[[ ENTRIES SUPPLIED, beginning ]]

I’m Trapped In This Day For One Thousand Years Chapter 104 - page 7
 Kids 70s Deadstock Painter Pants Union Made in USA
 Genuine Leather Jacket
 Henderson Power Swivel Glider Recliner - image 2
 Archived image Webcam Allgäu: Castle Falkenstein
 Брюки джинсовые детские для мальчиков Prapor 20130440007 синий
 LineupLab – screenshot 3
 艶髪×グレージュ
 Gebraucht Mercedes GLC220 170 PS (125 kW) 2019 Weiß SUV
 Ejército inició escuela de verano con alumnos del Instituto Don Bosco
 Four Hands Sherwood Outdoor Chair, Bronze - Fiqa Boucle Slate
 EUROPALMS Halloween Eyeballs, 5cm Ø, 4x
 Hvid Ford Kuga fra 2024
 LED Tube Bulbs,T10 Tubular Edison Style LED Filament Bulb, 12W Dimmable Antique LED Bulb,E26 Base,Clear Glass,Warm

[[ ENTRIES SUPPLIED, end ]]

WHAT THE TASK REQUIRES: Could you retype exactly the lines from the one containing "Genuine Leather Jacket" through the final line of the data above, and no others?

SOLUTION TO THIS TASK:
 Genuine Leather Jacket
 Henderson Power Swivel Glider Recliner - image 2
 Archived image Webcam Allgäu: Castle Falkenstein
 Брюки джинсовые детские для мальчиков Prapor 20130440007 синий
 LineupLab – screenshot 3
 艶髪×グレージュ
 Gebraucht Mercedes GLC220 170 PS (125 kW) 2019 Weiß SUV
 Ejército inició escuela de verano con alumnos del Instituto Don Bosco
 Four Hands Sherwood Outdoor Chair, Bronze - Fiqa Boucle Slate
 EUROPALMS Halloween Eyeballs, 5cm Ø, 4x
 Hvid Ford Kuga fra 2024
 LED Tube Bulbs,T10 Tubular Edison Style LED Filament Bulb, 12W Dimmable Antique LED Bulb,E26 Base,Clear Glass,Warm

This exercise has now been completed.